Chroniques vingt-et-unièmes — Le droit de se taire — 11 octobre 2021


 Le droit de se taire


Un dimanche matin dans une maison de banlieue, comme il doit en exister des centaines de milliers en ce moment, en famille ou en très petite famille. 

Émeline s’acharne sur la préparation d’un pudding dont elle a tiré la recette sur marmiton.org ; à quelques encablures, Xavier, presque allongé sur le canapé, est plongé dans la lecture de son hebdo et Ludivine, juchée sur un pouf et pieds ramenés, scrolle – qui aurait pensé le contraire ?  – à tout va sur son smartphone.

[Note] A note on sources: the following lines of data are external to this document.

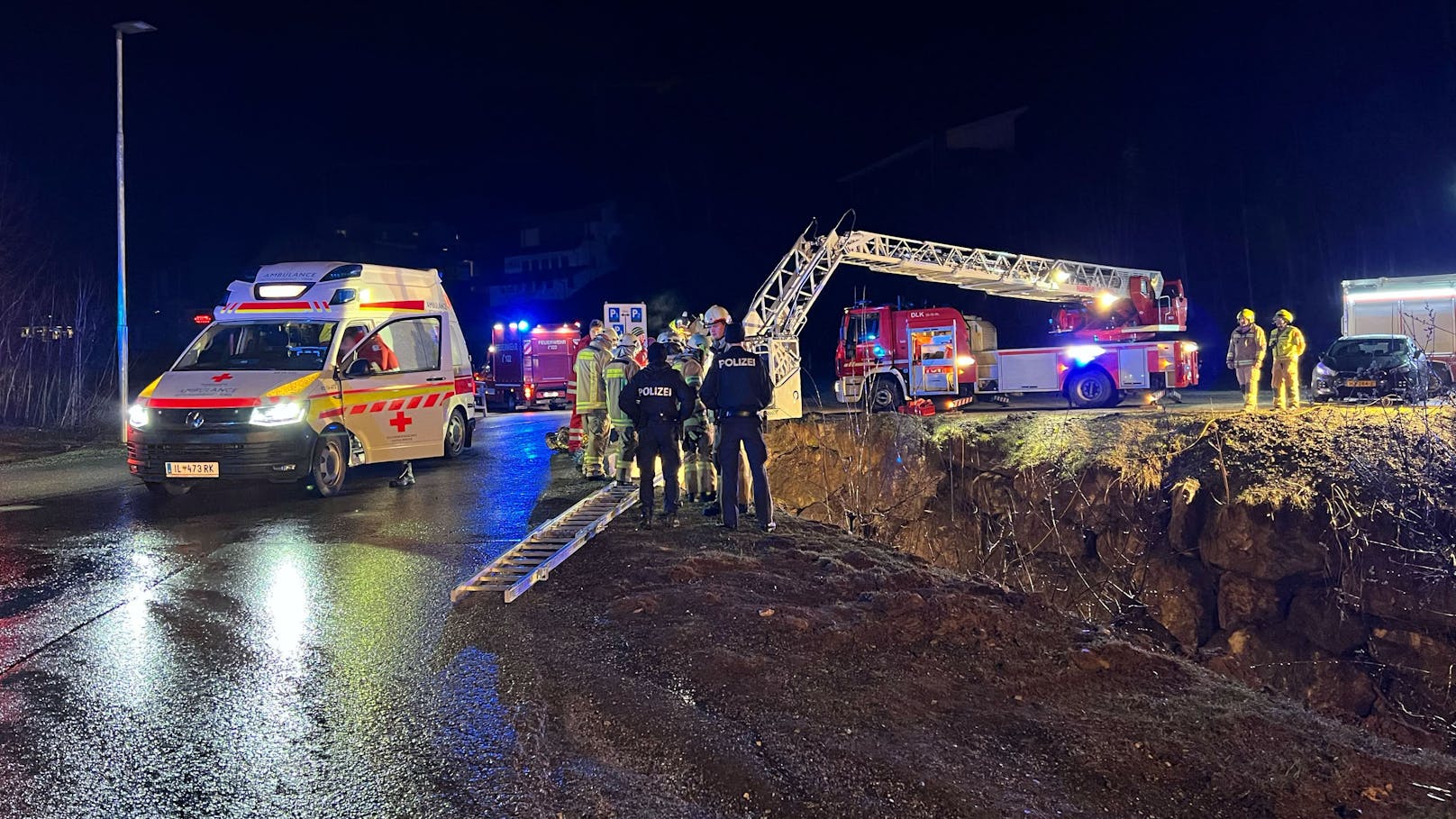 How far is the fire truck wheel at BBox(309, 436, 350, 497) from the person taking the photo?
9836 mm

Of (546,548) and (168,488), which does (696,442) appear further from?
(168,488)

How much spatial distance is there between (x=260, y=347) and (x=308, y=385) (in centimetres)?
121

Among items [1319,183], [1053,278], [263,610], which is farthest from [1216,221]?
[263,610]

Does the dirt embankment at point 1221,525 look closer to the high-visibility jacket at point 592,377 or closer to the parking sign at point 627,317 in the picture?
the high-visibility jacket at point 592,377

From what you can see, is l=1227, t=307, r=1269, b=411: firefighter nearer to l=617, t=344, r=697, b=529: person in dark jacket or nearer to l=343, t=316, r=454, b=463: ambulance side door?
l=617, t=344, r=697, b=529: person in dark jacket

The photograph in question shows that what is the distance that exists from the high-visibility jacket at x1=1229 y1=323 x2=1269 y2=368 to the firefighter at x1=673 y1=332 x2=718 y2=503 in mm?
10731

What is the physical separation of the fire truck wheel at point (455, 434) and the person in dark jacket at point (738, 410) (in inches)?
233

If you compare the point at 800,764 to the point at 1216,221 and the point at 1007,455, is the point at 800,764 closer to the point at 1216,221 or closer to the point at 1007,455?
the point at 1007,455

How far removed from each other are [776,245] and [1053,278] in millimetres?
31266

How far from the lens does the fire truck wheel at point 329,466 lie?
984cm

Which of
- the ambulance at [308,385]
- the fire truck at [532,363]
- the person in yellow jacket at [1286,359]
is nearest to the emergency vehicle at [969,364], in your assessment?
the person in yellow jacket at [1286,359]

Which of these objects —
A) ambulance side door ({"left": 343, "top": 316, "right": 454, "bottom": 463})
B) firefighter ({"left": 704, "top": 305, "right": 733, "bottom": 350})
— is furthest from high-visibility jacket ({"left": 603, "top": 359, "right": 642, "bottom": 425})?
ambulance side door ({"left": 343, "top": 316, "right": 454, "bottom": 463})

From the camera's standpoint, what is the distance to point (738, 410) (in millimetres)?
7754

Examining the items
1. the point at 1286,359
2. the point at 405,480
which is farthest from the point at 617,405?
the point at 1286,359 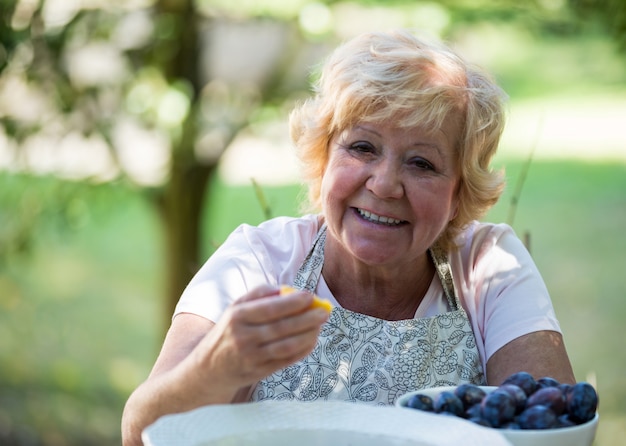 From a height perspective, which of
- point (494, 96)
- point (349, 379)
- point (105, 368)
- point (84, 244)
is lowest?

La cuisine n’est qu’un dérivatif, Émeline s’intéresse à la vie de sa fille et s'applique une fois par semaine à en saisir les contours : 

—  Et tes cours cette semaine, ça s’est bien déroulé ?

—  Super…

—  Rien à dire sur tes professeurs ?

—  Non, cool…

—  Je devais déjeuner avec toi mercredi midi mais j’ai une urgence à régler à l’association…

—  Pas de souci…

—  Ce sera donc pour une autre fois…

—  Ça marche !

Xavier relève lentement la tête. Il se demande si toutes ces paroles, celles de Ludivine, ne sortent pas tout droit d’un automate cherchant à passer le test de Turing.

—  Ludivine…

—  Oui…

—  Tu peux arrêter avec cette novlangue…

—  La novquoi ?

—  Tu sais très bien ce que je veux dire. Tu ne connais pas Orwell ?

—  Orwell, c’est vieux, ça…

—  Pas plus vieux qu’Agatha Christie… Ça peut être vieux et très actuel !

Agatha Christie. Ludivine a rougi. Dans la bibliothèque de l’étage, Xavier a encore observé une place vide, celle d’un ouvrage manquant, qu’une main experte a dû emporter pour en apprécier la saveur. Il n’a rien contre, il a transmis à sa fille, sans qu’elle s’en rende compte, et surtout sans qu’elle ne daigne l’avouer – il le déplore un peu – le goût pour ces écrits qu’on jugerait surannés mais si éclairants dans les relations entre générations, une marotte de l’auteure anglaise.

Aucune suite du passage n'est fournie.